Saudi court clears Binladin staff in Makkah crane collapse case

A Saudi court has reportedly acquitted Saudi Binladin Group staff charged with negligence following the collapse of a crane conducting expansion work in Makkah in September 2015.

Saudi Gazette reports that the Penal Court came to the decision that the individuals were not responsible for the collapse, which resulted in the deaths of more than 100 people and injuries to nearly 240 others.


The attorney general appealed against the verdict and had his request approved, according to the publication.

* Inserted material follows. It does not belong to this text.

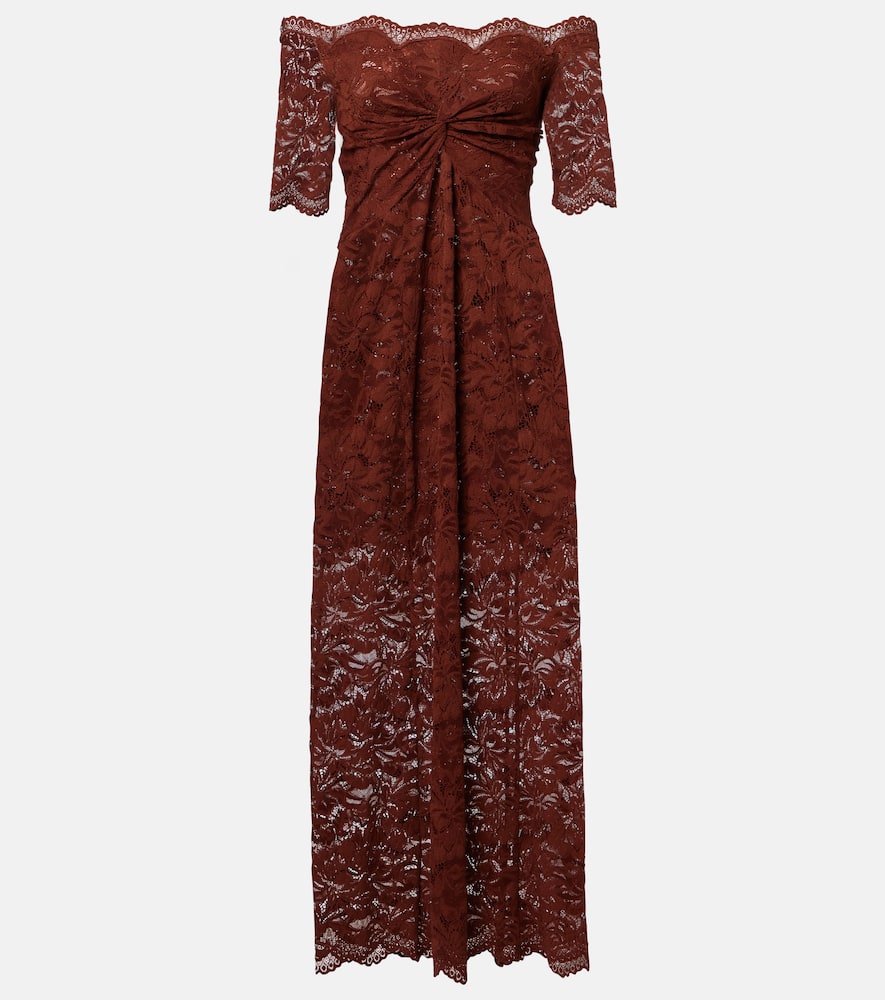 Rabanne Off-shoulder Lace Maxi Dress In Brown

The country’s Appeals Court previously revoked an earlier verdict to overlook the case as it did not come under the court’s jurisdiction.

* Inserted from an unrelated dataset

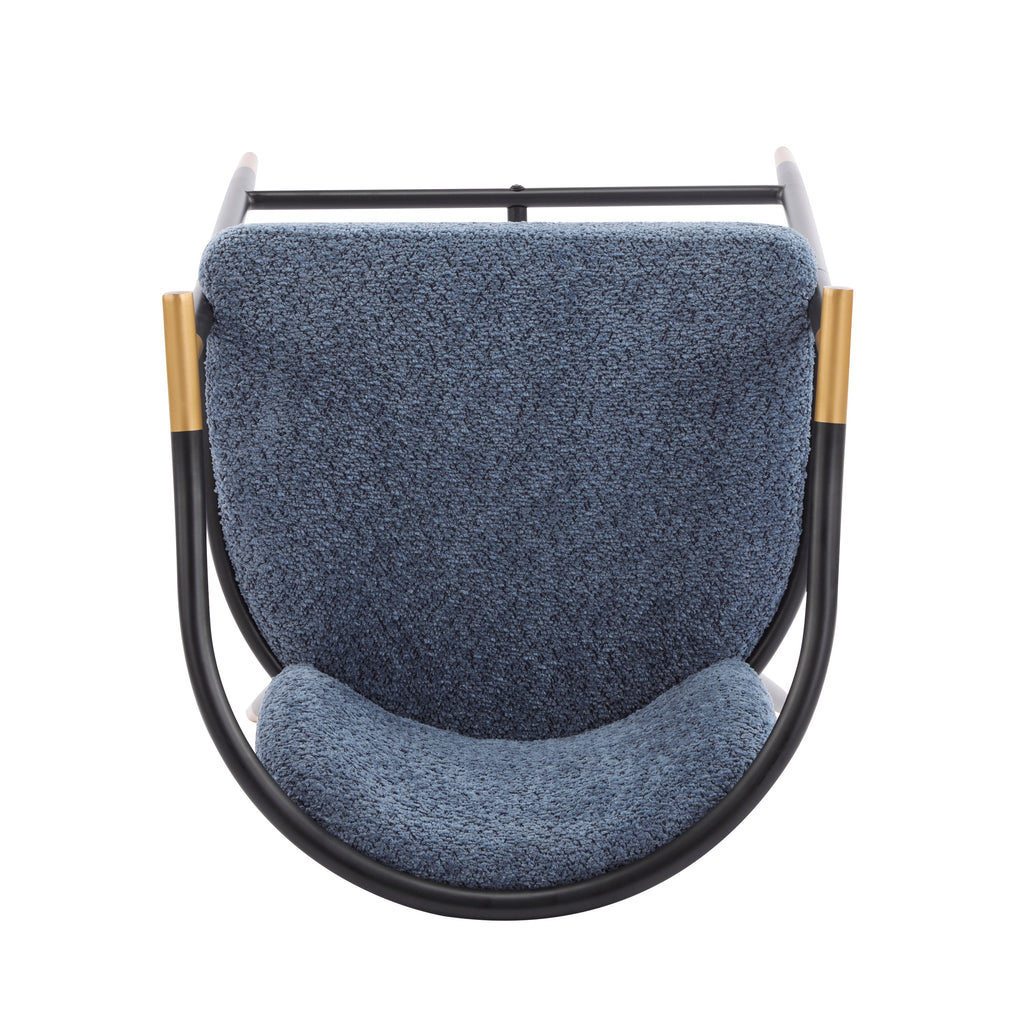 Upholstered Counter Stool Set of 2 with Metal Frame - Navy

The Penal Court was then asked to look into it.

Last year, local media said an engineering consultancy firm warned of the risks associated with having numerous cranes around Makkah’s Grand Mosque in a technical report submitted to the Bureau of Investigation and Public Prosecution.

The 14 staff originally reported to be on trial were said to comprise six Saudis, including one billionaire, two Pakistanis, a Canadian, a Jordanian, a Palestinian, an Egyptian an Emirati and a Filipino.

Prior to Sunday’s decision, Binladin Group’s defence team claimed the company could not have predicted the severe thunderstorm and violent winds that caused the crane to fall, according to Arabic newspaper Asharq Al Awsat.

Expansion work at Islam’s holiest site has since continued.